Recuerdo vivamente esos años duros de la Gran Recesión, cuando por todas partes se hablaba de que había que «quitar la grasa de la Administración». Tertulianos, politiquianos y, más que servidores, amos de lo público, se llenaron tanto la boca de «grasa» que nadie se explica cómo no sintieron náuseas. Prometían que en cuanto desapareciera la maldita grasa, habría chicha para todos. Que la crisis era un plan Pons de adelgazamiento en siete años. Que, en cuanto el Estado rebajara momios michelines, íbamos a competir en unas olimpiadas mundiales para superdotados. Pero, nanay. Ahí tienen, para comprobarlo, los ejemplos de alcaldes nepotistas, consejeros de comunidad ladrones –condenados por sentencia firme–, prevaricadores varios... Por cierto: se llama «ladrón» al enchufe que «permite tomar corriente eléctrica para más de un aparato», bonita acepción que podríamos incorporar al lenguaje del poltronismo público.

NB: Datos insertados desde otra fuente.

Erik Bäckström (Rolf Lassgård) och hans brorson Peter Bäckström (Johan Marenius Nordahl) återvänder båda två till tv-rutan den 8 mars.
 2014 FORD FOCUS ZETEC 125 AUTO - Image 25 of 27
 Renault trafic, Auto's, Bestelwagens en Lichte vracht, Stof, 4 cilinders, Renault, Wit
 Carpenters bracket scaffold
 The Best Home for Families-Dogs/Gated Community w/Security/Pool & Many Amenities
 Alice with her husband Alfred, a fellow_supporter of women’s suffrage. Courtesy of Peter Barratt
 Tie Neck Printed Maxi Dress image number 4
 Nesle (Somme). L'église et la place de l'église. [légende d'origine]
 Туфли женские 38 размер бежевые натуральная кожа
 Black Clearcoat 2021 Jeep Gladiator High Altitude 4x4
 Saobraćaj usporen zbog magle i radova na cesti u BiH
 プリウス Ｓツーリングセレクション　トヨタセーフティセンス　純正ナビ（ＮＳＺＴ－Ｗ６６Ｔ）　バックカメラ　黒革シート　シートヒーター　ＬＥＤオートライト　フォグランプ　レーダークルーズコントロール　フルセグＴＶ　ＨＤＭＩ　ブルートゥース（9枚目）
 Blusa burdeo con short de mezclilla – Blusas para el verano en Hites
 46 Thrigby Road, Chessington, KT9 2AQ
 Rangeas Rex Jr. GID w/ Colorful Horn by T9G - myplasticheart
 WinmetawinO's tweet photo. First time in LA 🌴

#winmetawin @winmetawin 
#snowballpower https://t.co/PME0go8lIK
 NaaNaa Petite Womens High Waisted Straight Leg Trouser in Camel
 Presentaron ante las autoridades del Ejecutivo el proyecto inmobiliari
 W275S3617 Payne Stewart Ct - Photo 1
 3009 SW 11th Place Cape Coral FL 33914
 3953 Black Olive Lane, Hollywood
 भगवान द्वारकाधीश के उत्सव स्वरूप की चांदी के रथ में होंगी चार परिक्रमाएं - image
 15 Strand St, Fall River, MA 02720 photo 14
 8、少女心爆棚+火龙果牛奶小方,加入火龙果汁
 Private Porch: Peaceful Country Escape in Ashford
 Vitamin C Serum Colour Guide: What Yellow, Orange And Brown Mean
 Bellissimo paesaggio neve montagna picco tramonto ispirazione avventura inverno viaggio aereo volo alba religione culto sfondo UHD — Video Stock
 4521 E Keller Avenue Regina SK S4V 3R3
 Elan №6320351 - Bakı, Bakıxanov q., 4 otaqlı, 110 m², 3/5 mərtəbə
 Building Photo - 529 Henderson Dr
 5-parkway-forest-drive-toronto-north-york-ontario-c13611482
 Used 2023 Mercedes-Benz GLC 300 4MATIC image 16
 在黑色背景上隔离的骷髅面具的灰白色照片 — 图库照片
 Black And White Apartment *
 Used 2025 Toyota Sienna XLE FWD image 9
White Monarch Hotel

Pasaron los años, y descubrimos con estupefacción que las vacas flacas eran... los obligados tributarios, y que en los pastos del erario, los bóvidos artiodáctilos siempre están bien hermosos y no se han puesto a dieta jamás. ¡La grasa, la grasa! Muchos enronquecieron de tanto hablar de la grasa en distintas tertulias y foros, en plazas y antros variados, por tierra, mar y aire (o sea: en prensa, radio y televisión). Por mi parte, cada vez que oía la palabra «grasa», me echaba mano al bolsillo, este sí demediado y famélico, al contrario que la grasa del Estado, que a temperatura ambiente continúa bien sólida e instalada en el cuerpo político y administrativo, un rozagante tejido adiposo que siguió creciendo, con sus ácidos grasos y su glicerol inmiscibles, y la misma vocación de eternidad del petróleo. El proyecto de acabar con la grasa siempre se conjugaba en futuro, jamás en presente: nadie dijo «estamos terminando con la grasa», sino: «se va a eliminar la grasa», usando vagos verbos infinitivos. Mientras que el ciudadano, en casa y en su trabajo, si tenía la suerte de conservarlo, oía aquello de que se iba a rebajar grasa y miraba con melancolía al cielo, del que parecía que le llovían palos tributarios, multas sádicas, desempleo y precariedad. Al final, la Administración no se ha quitado a sí misma grasa de ningún tipo. Pero al contribuyente lo ha dejado sin grasa. Y hasta sin músculo.